Thus, \( B = 180^\circ - (A + C) = 60^\circ \).

Example 3.67#

Find the area of the triangle whose sides are \( 13 \) cm, \( 14 \) cm and \( 15 \) cm.

Solution:

\[ s = \frac{a + b + c}{2} \Rightarrow s = \frac{13 + 14 + 15}{2} = 21 \text{ cm}. \]

Area of a triangle \( = \sqrt{s(s - a)(s - b)(s - c)} \)

\[ = \sqrt{21(21 - 13)(21 - 14)(21 - 15)} = \sqrt{21 \times 8 \times 7 \times 6} = \sqrt{7056} = 84 \text{ sq.cm}. \]

Example 3.68#

In any \( \triangle ABC \), prove that \( a\cos A + b\cos B + c\cos C = \frac{8\Delta^2}{abc} \).

Solution:

We know that \( a\cos A + b\cos B + c\cos C = 2a\sin B \sin C \)

Also, \( \Delta = \frac{1}{2} ac \sin B \Rightarrow \sin B = \frac{2\Delta}{ac} \)

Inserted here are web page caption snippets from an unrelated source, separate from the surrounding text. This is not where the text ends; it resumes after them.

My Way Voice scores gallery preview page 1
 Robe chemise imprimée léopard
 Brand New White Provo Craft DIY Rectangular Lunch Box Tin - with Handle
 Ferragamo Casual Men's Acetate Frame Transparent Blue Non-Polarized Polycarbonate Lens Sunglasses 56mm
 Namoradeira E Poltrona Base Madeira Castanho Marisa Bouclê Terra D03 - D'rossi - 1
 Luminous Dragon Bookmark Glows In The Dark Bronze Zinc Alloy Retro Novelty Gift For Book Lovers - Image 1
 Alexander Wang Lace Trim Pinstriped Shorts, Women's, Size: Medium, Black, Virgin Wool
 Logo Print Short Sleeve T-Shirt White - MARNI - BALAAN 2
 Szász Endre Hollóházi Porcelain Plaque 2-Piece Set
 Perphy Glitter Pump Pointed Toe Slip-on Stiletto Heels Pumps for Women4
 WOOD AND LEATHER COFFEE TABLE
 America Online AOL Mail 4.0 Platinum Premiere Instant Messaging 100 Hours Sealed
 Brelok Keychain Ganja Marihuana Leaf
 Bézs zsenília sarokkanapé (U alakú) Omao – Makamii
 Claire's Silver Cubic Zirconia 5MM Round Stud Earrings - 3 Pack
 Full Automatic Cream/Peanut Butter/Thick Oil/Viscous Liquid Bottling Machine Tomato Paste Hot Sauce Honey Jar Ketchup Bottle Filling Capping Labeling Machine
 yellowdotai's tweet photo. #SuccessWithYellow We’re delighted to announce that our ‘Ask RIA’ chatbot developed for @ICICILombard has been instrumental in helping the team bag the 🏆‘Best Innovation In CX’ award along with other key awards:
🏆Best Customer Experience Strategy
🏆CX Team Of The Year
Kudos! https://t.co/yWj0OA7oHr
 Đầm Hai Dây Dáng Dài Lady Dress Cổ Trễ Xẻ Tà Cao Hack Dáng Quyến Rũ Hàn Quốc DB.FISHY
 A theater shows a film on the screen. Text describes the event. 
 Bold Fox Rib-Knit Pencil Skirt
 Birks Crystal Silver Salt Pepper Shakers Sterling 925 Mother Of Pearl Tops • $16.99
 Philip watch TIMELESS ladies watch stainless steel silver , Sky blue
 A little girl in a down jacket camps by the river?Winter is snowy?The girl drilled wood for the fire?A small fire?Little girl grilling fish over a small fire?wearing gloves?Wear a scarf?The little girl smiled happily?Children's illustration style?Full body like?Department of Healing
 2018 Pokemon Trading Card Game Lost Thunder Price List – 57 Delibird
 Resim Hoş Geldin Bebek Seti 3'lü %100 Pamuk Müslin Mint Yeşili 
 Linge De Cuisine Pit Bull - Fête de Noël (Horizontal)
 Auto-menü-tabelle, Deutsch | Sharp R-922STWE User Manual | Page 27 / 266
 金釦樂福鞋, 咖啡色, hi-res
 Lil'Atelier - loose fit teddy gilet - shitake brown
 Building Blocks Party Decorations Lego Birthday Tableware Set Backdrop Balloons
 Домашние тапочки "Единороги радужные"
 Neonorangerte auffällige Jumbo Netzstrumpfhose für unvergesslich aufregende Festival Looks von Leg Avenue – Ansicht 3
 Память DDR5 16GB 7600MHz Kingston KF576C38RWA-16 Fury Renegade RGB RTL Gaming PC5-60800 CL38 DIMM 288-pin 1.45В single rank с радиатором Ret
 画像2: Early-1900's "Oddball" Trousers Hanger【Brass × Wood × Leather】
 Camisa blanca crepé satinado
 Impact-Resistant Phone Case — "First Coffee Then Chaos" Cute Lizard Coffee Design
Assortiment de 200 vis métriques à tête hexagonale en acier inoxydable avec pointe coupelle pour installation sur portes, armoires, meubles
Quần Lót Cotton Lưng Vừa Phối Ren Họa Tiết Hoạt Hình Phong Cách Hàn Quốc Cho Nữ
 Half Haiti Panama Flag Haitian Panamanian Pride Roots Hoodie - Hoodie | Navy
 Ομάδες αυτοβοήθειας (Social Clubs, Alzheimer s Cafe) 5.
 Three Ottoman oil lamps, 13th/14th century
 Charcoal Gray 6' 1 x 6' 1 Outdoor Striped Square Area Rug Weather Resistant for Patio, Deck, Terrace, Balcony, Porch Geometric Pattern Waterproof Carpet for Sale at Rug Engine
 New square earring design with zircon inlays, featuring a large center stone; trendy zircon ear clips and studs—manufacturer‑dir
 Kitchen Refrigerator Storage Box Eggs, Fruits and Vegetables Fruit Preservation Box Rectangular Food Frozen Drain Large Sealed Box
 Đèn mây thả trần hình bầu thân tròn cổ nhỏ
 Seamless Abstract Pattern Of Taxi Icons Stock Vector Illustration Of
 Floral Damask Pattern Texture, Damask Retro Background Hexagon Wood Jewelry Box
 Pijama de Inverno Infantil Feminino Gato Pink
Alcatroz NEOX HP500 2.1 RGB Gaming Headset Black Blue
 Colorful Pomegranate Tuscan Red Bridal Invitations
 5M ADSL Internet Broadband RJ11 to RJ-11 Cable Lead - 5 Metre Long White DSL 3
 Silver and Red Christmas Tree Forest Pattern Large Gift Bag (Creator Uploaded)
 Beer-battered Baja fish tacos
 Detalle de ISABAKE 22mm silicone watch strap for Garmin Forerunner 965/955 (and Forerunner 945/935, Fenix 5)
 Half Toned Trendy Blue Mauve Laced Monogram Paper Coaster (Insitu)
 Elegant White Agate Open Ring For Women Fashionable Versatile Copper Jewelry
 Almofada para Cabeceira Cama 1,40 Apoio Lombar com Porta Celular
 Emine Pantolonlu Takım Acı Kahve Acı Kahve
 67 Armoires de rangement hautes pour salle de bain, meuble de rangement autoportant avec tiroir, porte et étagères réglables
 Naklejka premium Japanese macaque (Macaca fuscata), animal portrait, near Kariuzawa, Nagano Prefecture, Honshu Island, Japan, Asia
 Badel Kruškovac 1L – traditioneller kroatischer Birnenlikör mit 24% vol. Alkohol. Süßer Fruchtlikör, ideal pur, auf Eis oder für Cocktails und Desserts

\[ \Delta = \frac{1}{2} ab \sin C \Rightarrow \sin C = \frac{2\Delta}{ab} \]

Thus,

\[ a\cos A + b\cos B + c\cos C = 2a \cdot \frac{2\Delta}{ac} \cdot \frac{2\Delta}{ab} = \frac{8\Delta^2}{abc} \]

Example 3.69#

Suppose that there are two cell phone towers within range of a cell phone. The two towers are located at \( 6 \) km apart along a straight highway, running east to west and the cell phone is north of the highway. The signal is \( 5 \) km from the first tower and \( \sqrt{31} \) km from the second tower. Determine the position of the cell phone north and east of the first tower and how far it is from the highway.

Figure 3.24

Solution:

Let \( \theta \) be the position of the cell phone from north to east of the first tower. Then, using the cosine formula, we have,

\[ (\sqrt{31})^2 = 5^2 + 6^2 - 2 \times 5 \times 6 \cos \theta \]

\[ 31 = 25 + 36 - 60 \cos \theta \]

\[ \cos \theta = \frac{1}{2} \Rightarrow \theta = 60^\circ \]

Let \( x \) be the distance of the cell phone’s position from the highway.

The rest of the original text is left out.